* [Recorded information]
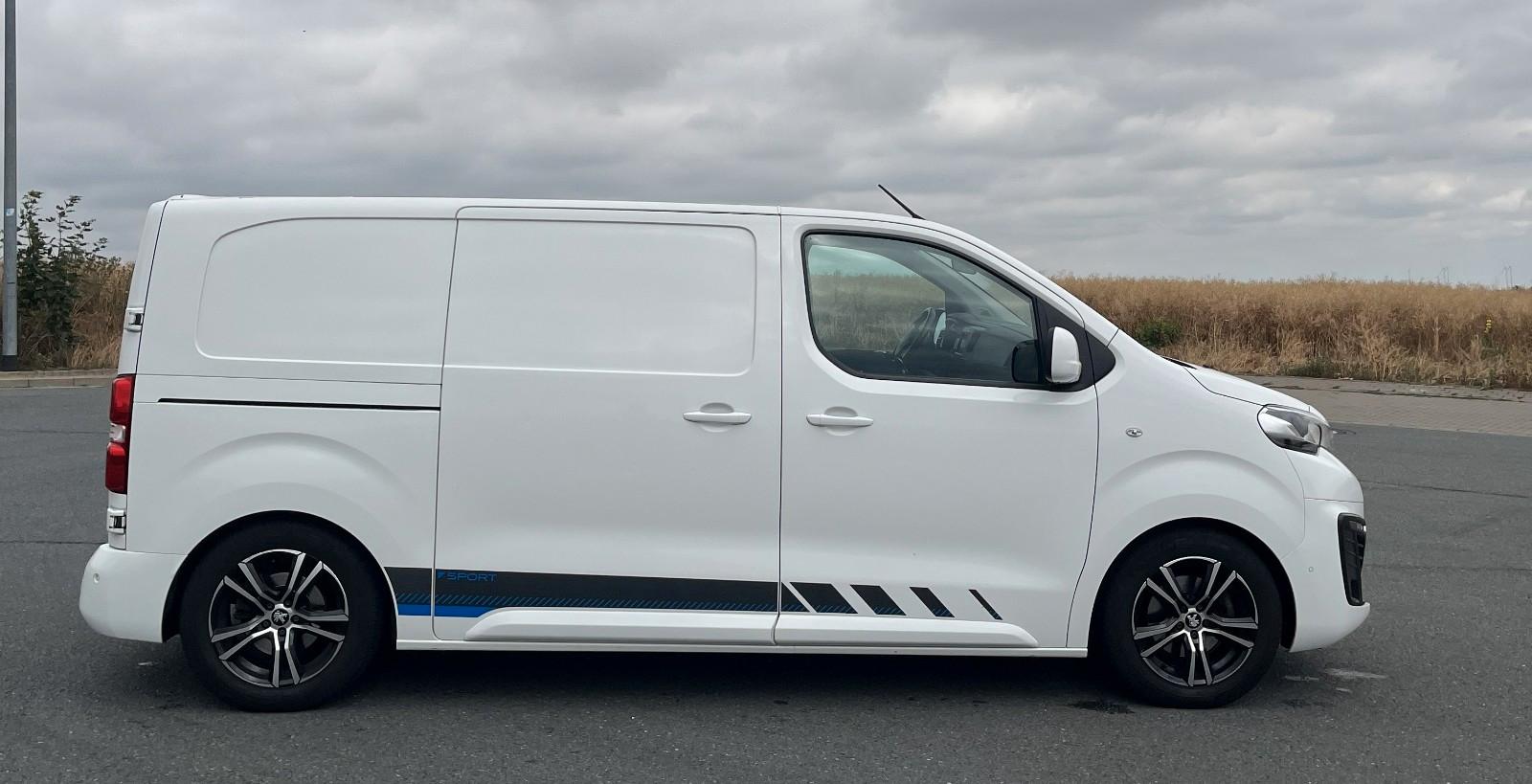 Peugeot Expert 2.0 HDi Premium SPORT L2/XEN/NAV/STANDHZG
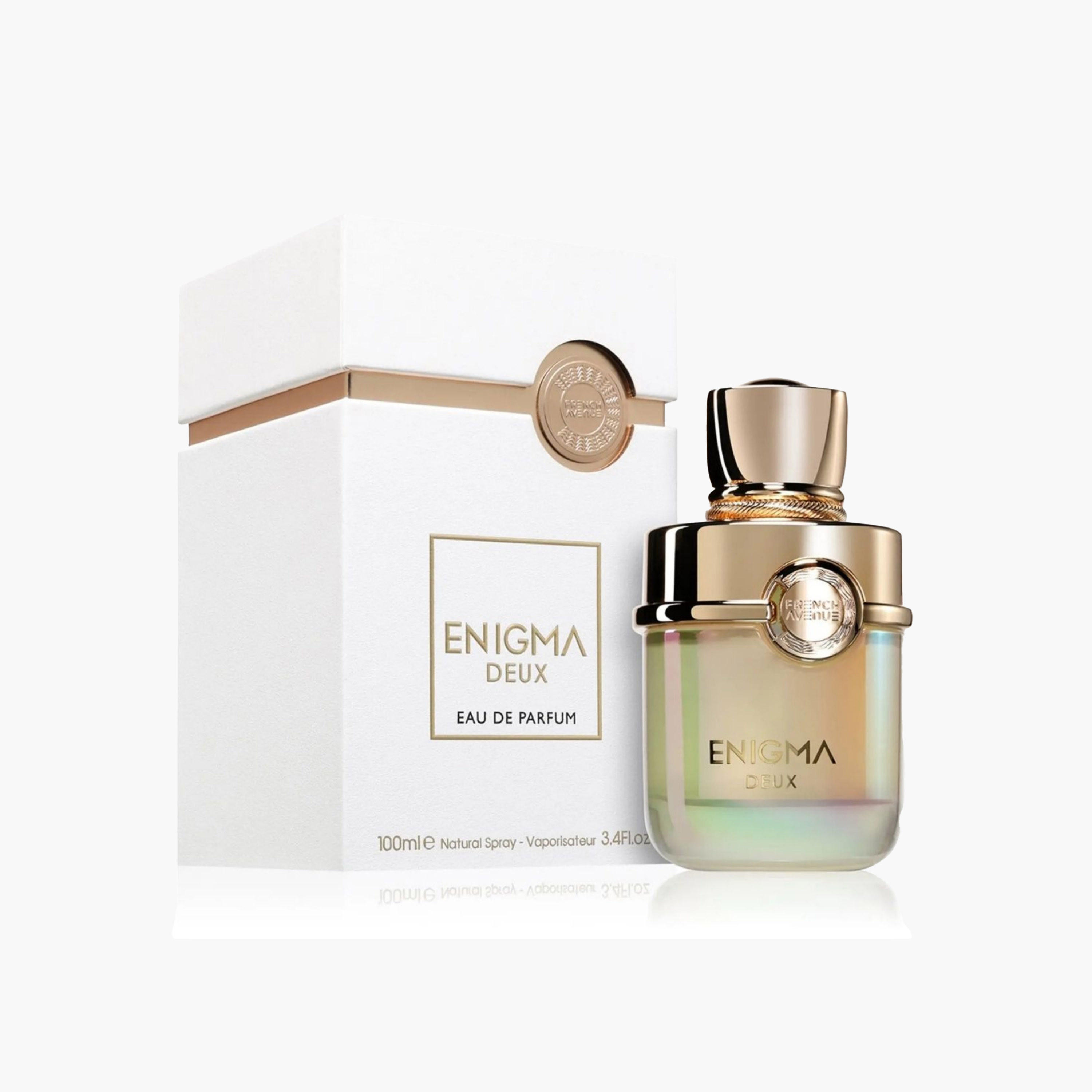 French Avenue Enigma Deux Eau de Parfum 100ml-beautyandpersonalcare-fragrance-women-image-2
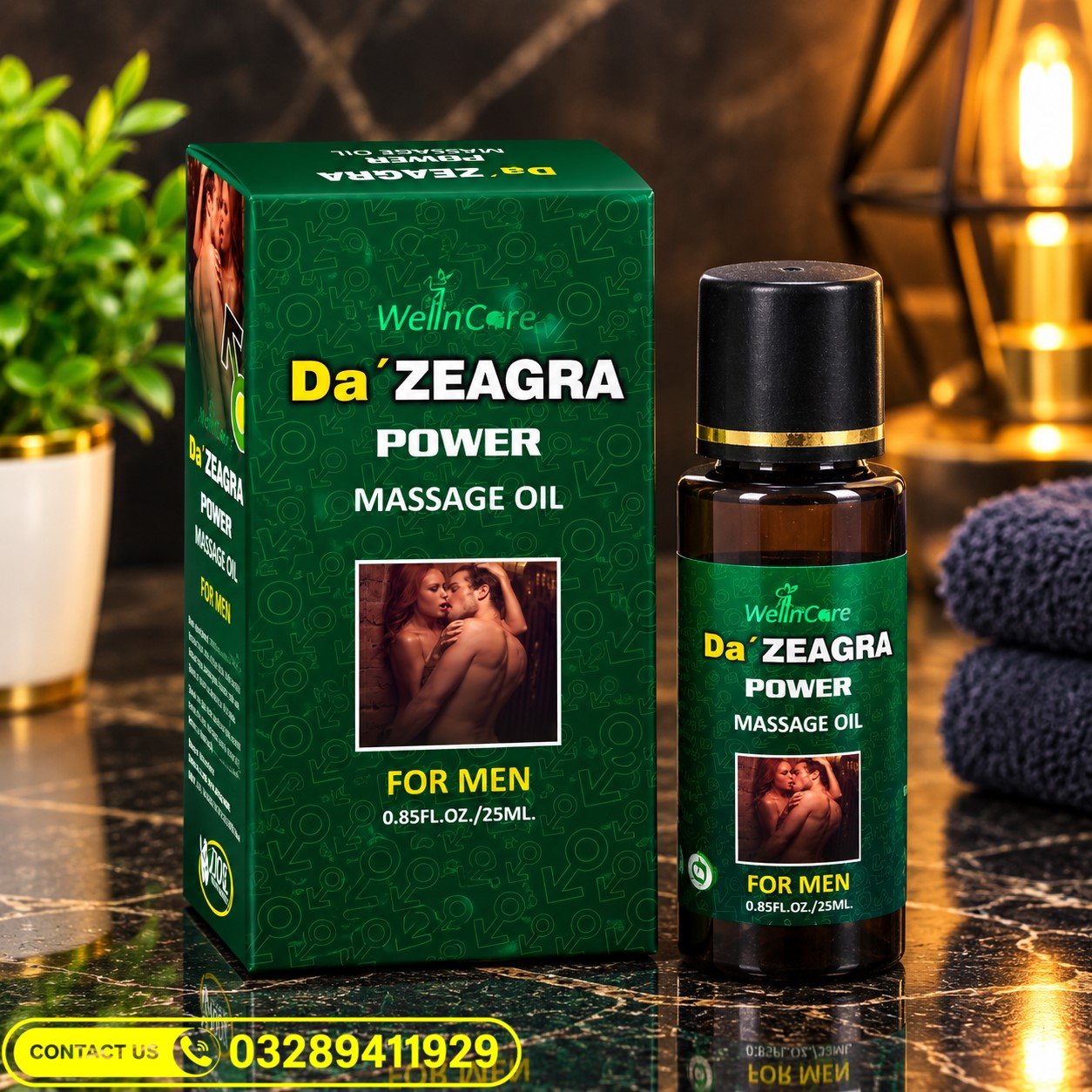  Male Enhancement Oil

* [Exercise objective] Retype the listing above exactly. Pictures are not part of the copy.

* [Answer box]
 Peugeot Expert 2.0 HDi Premium SPORT L2/XEN/NAV/STANDHZG
 French Avenue Enigma Deux Eau de Parfum 100ml-beautyandpersonalcare-fragrance-women-image-2
  Male Enhancement Oil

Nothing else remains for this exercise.